Fils aîné de Charles Colbert, après ses études et des voyages en Europe, il prend la responsabilité des Affaires étrangères du royaume, d’abord aux côtés de Pomponne puis, à partir de 1699 seul, et ce jusqu’à la mort du roi en 1715. Il se retire alors de la vie publique et rédige ses Mémoires pour servir à l’histoire France. Il est proche de Voltaire et de Saint-Simon qui dit de lui : « Torcy, l’homme du monde le plus sage, le plus prudent, le plus modéré. »

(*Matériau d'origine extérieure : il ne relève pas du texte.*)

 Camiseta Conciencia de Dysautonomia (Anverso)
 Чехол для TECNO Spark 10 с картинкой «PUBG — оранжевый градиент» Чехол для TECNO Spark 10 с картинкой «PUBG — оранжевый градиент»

Mazarin, Jules (1602-1661)

Italien de naissance, il rencontre Louis XIII et Richelieu lors des négociations pour le traité de Ratisbonne en 1630. Naturalisé français, il est attaché au service de Richelieu et lui succède, après sa mort, en tant que principal ministre d’Etat. Il est fait cardinal en 1641. Parain du dauphin Louis XIV, à la mort de Louis XIII la régente Anne d’Autriche le nomme 1er ministre de la France. Tout son effort va consister à consolider le pouvoir absolu du roi, à l’intérieur du pays et à l’extérieur par son habileté politique et par la guerre.

Necker, Jacques (1732-1804)

Banquier genevois, Jacques Necker a été trois fois ministre des finances de Louis XVI. Du fait de sa grande popularité, son renvoi en juillet 1789 est une des causes du soulèvement du 14 juillet. Rappelé dès le 16, il finit par démissionner en 1790 à cause de son opposition à la politique de financement du déficit par l’émission d’assignats. Retiré en Suisse, il laisse plusieurs écrits politiques parmi lesquels les Réflexions philosophiques sur l’égalité et De la Révolution française, où il développe son point de vue critique sur la Révolution.

Richelieu, Armand Jean du Plessis cardinal duc de (1585-1642)

Consacré évêque en 1607, Cardinal en 1617, Richelieu est attaché à Marie de Médicis, puis à Louis XIII après la prise du pouvoir par le jeune roi dont il fut le ministre principal jusqu’à sa mort. Précurseur de l’état moderne, il dévoue sa vie à l’unification du pays et à la restauration de l’autorité royale à l’intérieur et à l’extérieur des frontières. Son Testament politique nous livre la vision pragmatique d’un homme d’état pour qui « Les intérêts publics doivent être l’unique fin du prince et de ses conseillers. »

Saint-Simon, Louis de Rouvroy, duc de (1675-1755)

Mémorialiste de la cour de Louis XIV, il livre à l’histoire la chronique détaillée d’un monde bientôt condamné à disparaître. A la mort du roi il accède brièvement, sous la régence du duc d’Orléans, à des responsabilités politiques dans le Conseil de la régence. Mais à la mort du duc, sans soutient, il quitte la cour. Outre les Mémoires, on lui doit les Nottes sur les duchés-prairies, et les Additions du Journal de Dangeau.